# [TASK ITEM]
Copy out the listing that follows exactly, dropping every picture.

# [DATA SECTION]
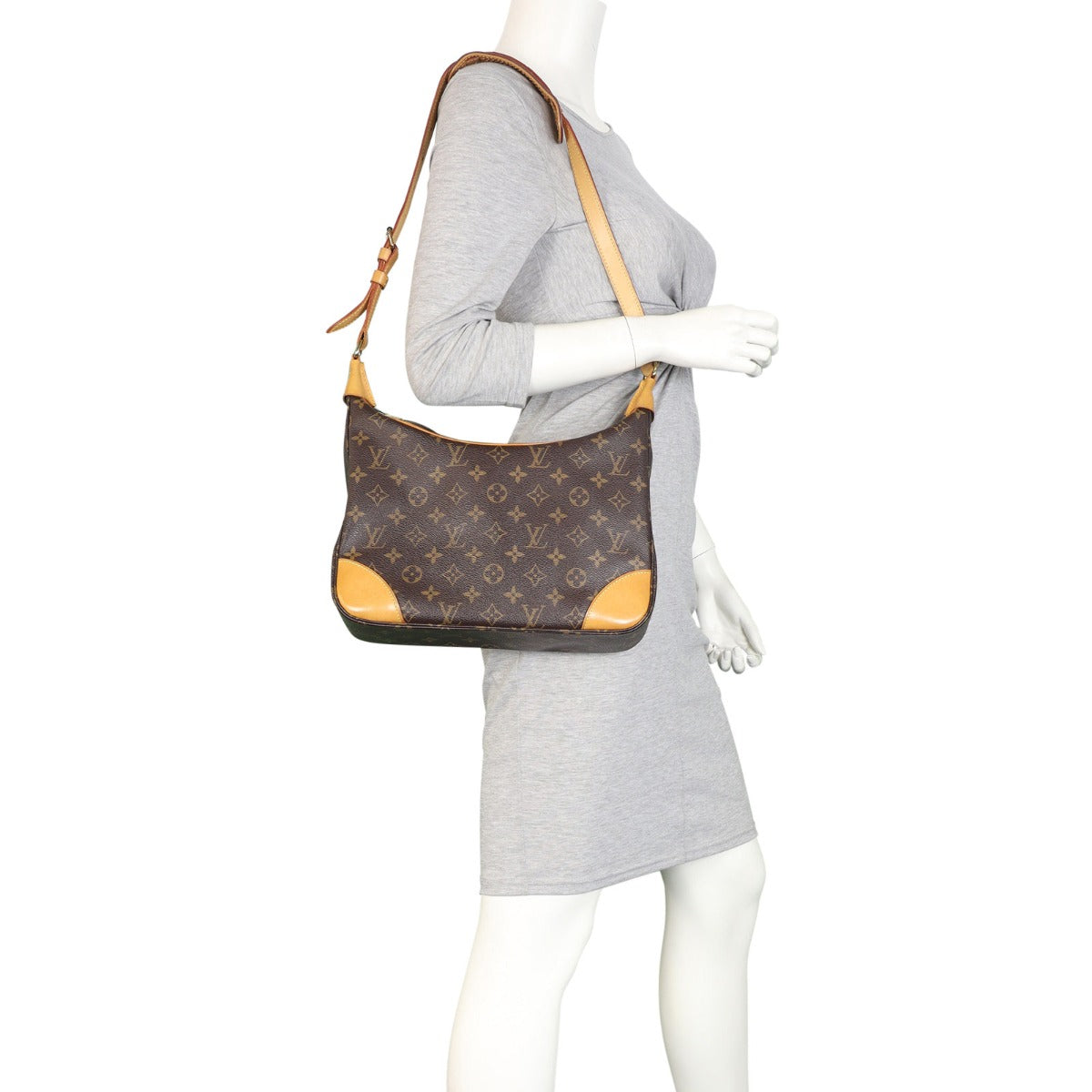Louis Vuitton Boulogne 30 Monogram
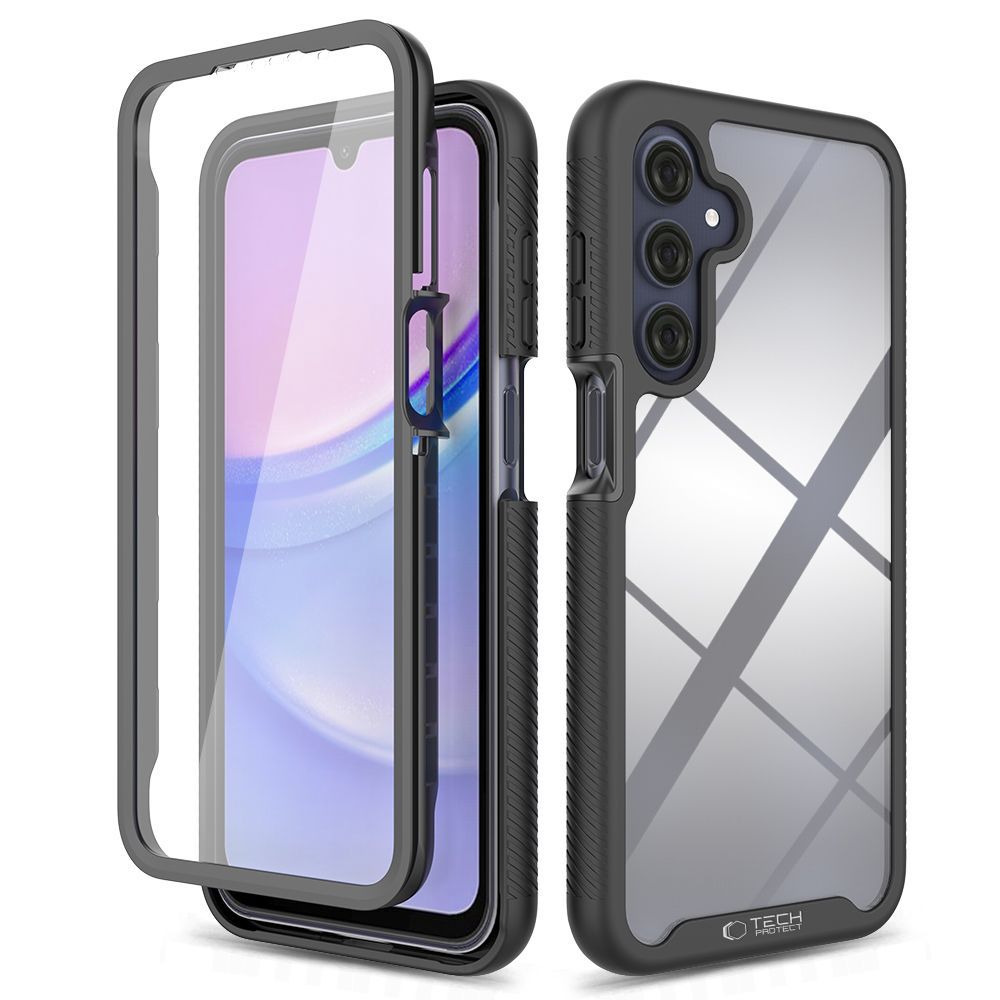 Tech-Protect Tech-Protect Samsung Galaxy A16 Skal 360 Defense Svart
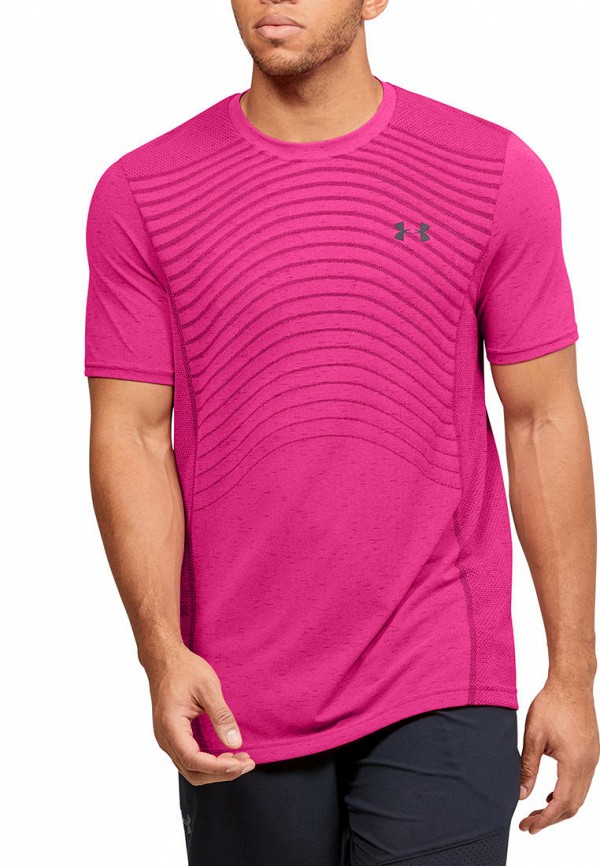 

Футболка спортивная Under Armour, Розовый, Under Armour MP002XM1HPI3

# [RESPONSE TO THIS TASK]
Louis Vuitton Boulogne 30 Monogram
 Tech-Protect Tech-Protect Samsung Galaxy A16 Skal 360 Defense Svart

Футболка спортивная Under Armour, Розовый, Under Armour MP002XM1HPI3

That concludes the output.